WHAT TO WORK ON.
Repeat the records. Match each character exactly.

INFORMATION SUPPLIED.
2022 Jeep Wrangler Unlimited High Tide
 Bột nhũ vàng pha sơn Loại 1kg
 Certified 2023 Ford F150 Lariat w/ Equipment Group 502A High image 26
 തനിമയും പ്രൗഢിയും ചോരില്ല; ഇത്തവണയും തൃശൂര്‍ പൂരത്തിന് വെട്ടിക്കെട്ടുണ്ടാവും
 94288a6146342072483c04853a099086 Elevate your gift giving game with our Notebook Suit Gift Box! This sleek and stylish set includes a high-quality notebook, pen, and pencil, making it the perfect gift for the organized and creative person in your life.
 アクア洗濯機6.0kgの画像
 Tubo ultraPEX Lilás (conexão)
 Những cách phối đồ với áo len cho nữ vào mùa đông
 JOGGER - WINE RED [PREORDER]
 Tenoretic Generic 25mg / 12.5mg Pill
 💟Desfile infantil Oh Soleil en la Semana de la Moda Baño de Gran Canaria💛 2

ANSWER TO THE PROBLEM.
2022 Jeep Wrangler Unlimited High Tide
 Bột nhũ vàng pha sơn Loại 1kg
 Certified 2023 Ford F150 Lariat w/ Equipment Group 502A High image 26
 തനിമയും പ്രൗഢിയും ചോരില്ല; ഇത്തവണയും തൃശൂര്‍ പൂരത്തിന് വെട്ടിക്കെട്ടുണ്ടാവും
 94288a6146342072483c04853a099086 Elevate your gift giving game with our Notebook Suit Gift Box! This sleek and stylish set includes a high-quality notebook, pen, and pencil, making it the perfect gift for the organized and creative person in your life.
 アクア洗濯機6.0kgの画像
 Tubo ultraPEX Lilás (conexão)
 Những cách phối đồ với áo len cho nữ vào mùa đông
 JOGGER - WINE RED [PREORDER]
 Tenoretic Generic 25mg / 12.5mg Pill
 💟Desfile infantil Oh Soleil en la Semana de la Moda Baño de Gran Canaria💛 2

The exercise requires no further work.